= Records for the task =
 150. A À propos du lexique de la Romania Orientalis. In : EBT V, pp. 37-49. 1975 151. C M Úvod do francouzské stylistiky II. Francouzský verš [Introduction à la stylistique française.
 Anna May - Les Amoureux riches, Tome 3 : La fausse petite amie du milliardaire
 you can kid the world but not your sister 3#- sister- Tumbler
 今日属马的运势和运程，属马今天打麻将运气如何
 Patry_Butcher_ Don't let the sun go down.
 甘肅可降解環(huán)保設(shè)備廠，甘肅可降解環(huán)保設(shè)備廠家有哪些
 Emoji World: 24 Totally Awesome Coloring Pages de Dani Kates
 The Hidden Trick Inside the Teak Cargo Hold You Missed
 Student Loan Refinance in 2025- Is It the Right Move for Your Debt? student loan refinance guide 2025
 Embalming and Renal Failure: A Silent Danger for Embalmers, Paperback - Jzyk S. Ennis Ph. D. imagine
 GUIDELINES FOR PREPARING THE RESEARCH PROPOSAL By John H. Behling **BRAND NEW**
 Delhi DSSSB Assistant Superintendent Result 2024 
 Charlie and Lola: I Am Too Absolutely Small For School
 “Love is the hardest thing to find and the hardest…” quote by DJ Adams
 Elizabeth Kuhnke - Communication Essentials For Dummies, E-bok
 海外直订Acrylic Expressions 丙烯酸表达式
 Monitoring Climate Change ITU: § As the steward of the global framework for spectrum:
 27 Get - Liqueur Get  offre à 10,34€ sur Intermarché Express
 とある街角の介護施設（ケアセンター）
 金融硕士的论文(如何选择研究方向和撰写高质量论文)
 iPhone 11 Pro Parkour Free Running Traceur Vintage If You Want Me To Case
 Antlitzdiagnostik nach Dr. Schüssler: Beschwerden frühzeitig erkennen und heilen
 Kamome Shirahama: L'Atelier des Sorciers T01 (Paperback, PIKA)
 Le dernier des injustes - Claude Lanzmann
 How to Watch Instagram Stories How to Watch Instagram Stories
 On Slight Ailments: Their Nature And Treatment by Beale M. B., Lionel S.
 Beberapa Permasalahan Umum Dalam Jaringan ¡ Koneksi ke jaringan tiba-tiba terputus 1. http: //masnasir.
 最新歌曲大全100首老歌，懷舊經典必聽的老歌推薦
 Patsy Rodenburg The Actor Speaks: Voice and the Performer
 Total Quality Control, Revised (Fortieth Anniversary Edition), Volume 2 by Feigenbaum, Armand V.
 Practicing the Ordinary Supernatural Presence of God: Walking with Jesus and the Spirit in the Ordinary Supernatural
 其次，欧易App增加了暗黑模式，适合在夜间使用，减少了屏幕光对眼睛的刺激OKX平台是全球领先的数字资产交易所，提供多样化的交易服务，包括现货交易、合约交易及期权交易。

= Aim of the task =
With nothing added or dropped, write out the listing again.

= Exercise output =
 150. A À propos du lexique de la Romania Orientalis. In : EBT V, pp. 37-49. 1975 151. C M Úvod do francouzské stylistiky II. Francouzský verš [Introduction à la stylistique française.
 Anna May - Les Amoureux riches, Tome 3 : La fausse petite amie du milliardaire
 you can kid the world but not your sister 3#- sister- Tumbler
 今日属马的运势和运程，属马今天打麻将运气如何
 Patry_Butcher_ Don't let the sun go down.
 甘肅可降解環(huán)保設(shè)備廠，甘肅可降解環(huán)保設(shè)備廠家有哪些
 Emoji World: 24 Totally Awesome Coloring Pages de Dani Kates
 The Hidden Trick Inside the Teak Cargo Hold You Missed
 Student Loan Refinance in 2025- Is It the Right Move for Your Debt? student loan refinance guide 2025
 Embalming and Renal Failure: A Silent Danger for Embalmers, Paperback - Jzyk S. Ennis Ph. D. imagine
 GUIDELINES FOR PREPARING THE RESEARCH PROPOSAL By John H. Behling **BRAND NEW**
 Delhi DSSSB Assistant Superintendent Result 2024 
 Charlie and Lola: I Am Too Absolutely Small For School
 “Love is the hardest thing to find and the hardest…” quote by DJ Adams
 Elizabeth Kuhnke - Communication Essentials For Dummies, E-bok
 海外直订Acrylic Expressions 丙烯酸表达式
 Monitoring Climate Change ITU: § As the steward of the global framework for spectrum:
 27 Get - Liqueur Get  offre à 10,34€ sur Intermarché Express
 とある街角の介護施設（ケアセンター）
 金融硕士的论文(如何选择研究方向和撰写高质量论文)
 iPhone 11 Pro Parkour Free Running Traceur Vintage If You Want Me To Case
 Antlitzdiagnostik nach Dr. Schüssler: Beschwerden frühzeitig erkennen und heilen
 Kamome Shirahama: L'Atelier des Sorciers T01 (Paperback, PIKA)
 Le dernier des injustes - Claude Lanzmann
 How to Watch Instagram Stories How to Watch Instagram Stories
 On Slight Ailments: Their Nature And Treatment by Beale M. B., Lionel S.
 Beberapa Permasalahan Umum Dalam Jaringan ¡ Koneksi ke jaringan tiba-tiba terputus 1. http: //masnasir.
 最新歌曲大全100首老歌，懷舊經典必聽的老歌推薦
 Patsy Rodenburg The Actor Speaks: Voice and the Performer
 Total Quality Control, Revised (Fortieth Anniversary Edition), Volume 2 by Feigenbaum, Armand V.
 Practicing the Ordinary Supernatural Presence of God: Walking with Jesus and the Spirit in the Ordinary Supernatural
 其次，欧易App增加了暗黑模式，适合在夜间使用，减少了屏幕光对眼睛的刺激OKX平台是全球领先的数字资产交易所，提供多样化的交易服务，包括现货交易、合约交易及期权交易。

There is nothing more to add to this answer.